Taraf teşkili sağlandıktan sonra işin esasına yönelik olarak yapılacak inceleme sonucunda, asıl işveren-alt işveren ilişkisinin geçersiz veya muvazaaya dayanması nedeni ile feshin geçersizliğine yönelik karar gerçek işveren hakkında kurulmalı, geçersiz veya muvazaaya dayalı ilişkinin diğer tarafı hakkında sıfat yokluğu davanın reddine karar verilmelidir. Ancak, HMK’nın 327. maddesinin ikinci fıkrası uyarınca taraf sıfatı olmadığı halde, davacıyı, davalı sıfatı kendisine aitmiş gibi yanıltarak kendisine karşı dava açılmasına sebebiyet verdiği için, davanın sıfat yokluğu nedeni ile hakkındaki davanın reddine karar verilen taraf lehine vekâlet ücreti takdir edilmemelidir.
Mahkemece, davalı olarak gösterilmeyen .... Ltd. Şirketine davanın teşmil edilmesi için davacıya süre verilerek, verilen süre içinde davacı tarafından bu dava arkadaşına davanın teşmil edilmesi halinde işin esasına yönelik inceleme yapılması, davanın bu dava arkadaşına teşmil edilmemesi halinde ise davanın sıfat yokluğundan reddine karar verilmesi gerekirken yazılı şekilde karar verilmesi hatalı olmuştur.
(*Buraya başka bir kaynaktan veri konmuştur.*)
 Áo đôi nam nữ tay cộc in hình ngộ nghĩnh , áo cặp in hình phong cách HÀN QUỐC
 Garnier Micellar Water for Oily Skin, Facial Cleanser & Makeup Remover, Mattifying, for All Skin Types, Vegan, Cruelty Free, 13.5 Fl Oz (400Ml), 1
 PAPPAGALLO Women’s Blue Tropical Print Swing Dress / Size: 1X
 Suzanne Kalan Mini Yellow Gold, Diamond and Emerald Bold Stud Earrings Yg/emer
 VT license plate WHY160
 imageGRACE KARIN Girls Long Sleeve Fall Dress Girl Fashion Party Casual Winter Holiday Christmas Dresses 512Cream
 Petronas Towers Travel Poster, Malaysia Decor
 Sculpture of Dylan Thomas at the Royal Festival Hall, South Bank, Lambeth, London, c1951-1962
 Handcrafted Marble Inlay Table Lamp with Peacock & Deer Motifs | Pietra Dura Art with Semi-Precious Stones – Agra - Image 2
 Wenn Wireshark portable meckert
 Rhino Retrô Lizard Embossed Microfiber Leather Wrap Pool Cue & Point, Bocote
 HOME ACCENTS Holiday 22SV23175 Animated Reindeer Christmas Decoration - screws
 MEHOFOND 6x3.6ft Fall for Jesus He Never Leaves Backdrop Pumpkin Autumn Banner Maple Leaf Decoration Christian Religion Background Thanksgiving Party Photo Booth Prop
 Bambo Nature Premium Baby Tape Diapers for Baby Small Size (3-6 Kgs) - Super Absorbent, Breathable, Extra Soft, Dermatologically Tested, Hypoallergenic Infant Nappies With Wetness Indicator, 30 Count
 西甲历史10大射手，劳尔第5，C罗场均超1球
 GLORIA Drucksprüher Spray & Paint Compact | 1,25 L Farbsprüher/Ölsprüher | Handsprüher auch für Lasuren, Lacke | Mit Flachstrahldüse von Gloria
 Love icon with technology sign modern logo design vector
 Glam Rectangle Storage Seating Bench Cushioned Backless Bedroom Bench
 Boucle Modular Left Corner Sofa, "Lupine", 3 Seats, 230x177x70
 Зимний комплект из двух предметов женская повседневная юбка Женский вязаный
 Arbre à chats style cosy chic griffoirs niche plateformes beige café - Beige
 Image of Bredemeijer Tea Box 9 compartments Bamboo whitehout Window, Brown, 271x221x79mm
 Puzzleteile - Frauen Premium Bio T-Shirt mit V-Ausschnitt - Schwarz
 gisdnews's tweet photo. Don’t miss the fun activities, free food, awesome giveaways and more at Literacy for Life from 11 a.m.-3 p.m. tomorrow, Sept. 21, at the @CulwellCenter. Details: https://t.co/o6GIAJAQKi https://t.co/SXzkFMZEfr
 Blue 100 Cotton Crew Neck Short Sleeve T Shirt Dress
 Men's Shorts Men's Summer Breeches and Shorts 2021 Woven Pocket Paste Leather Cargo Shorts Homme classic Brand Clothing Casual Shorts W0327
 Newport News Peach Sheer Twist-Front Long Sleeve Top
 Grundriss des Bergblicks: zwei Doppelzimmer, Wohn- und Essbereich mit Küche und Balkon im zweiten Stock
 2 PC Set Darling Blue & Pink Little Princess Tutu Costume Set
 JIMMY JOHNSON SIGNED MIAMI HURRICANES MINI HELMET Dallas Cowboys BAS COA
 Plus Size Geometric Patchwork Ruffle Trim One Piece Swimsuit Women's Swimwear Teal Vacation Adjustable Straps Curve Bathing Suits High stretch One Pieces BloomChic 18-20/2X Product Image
Ayrıca, taraf teşkili sağlanırsa, davalı Kurum ile dava dışı ........ Ltd. Şirketi arasındaki hizmet alım sözleşmeleri ve şartnameleri getirtilerek davalı Kurum ile bu şirket arasındaki ilişkinin tesbiti yönünden 4857 sayılı Kanun"un 2/6-7 ve 11. maddeleri kapsamında inceleme yapılması, davacının hastane teknik bakımdan sorumlu müdür yardımcısı Orhan İskenderoğlu ile arasında geçen ve adli olay haline geldiği anlaşılan hakaret, kapıya yumruk atarak kırılmasına neden olma gibi eylemler ile ilgili emniyet, varsa savcılık ve mahkeme belgelerinin ve dosyalarının getirtilerek, olayın olup olmadığı ve davacının olayın oluşumunda kusuru bulunup bulunmadığı belirlenerek sonucuna göre karar verilmesi gerekirken eksik inceleme ile yazılı şekilde karar verilmesi usul ve yasaya aykırı olup bozmayı gerektirir.
SONUÇ: Temyiz olunan kararın yukarıda yazılı sebeplerden BOZULMASINA, peşin alınan temyiz harcının istek halinde ilgiliye iadesine, 29.06.2012 gününde oybirliğiyle karar verildi.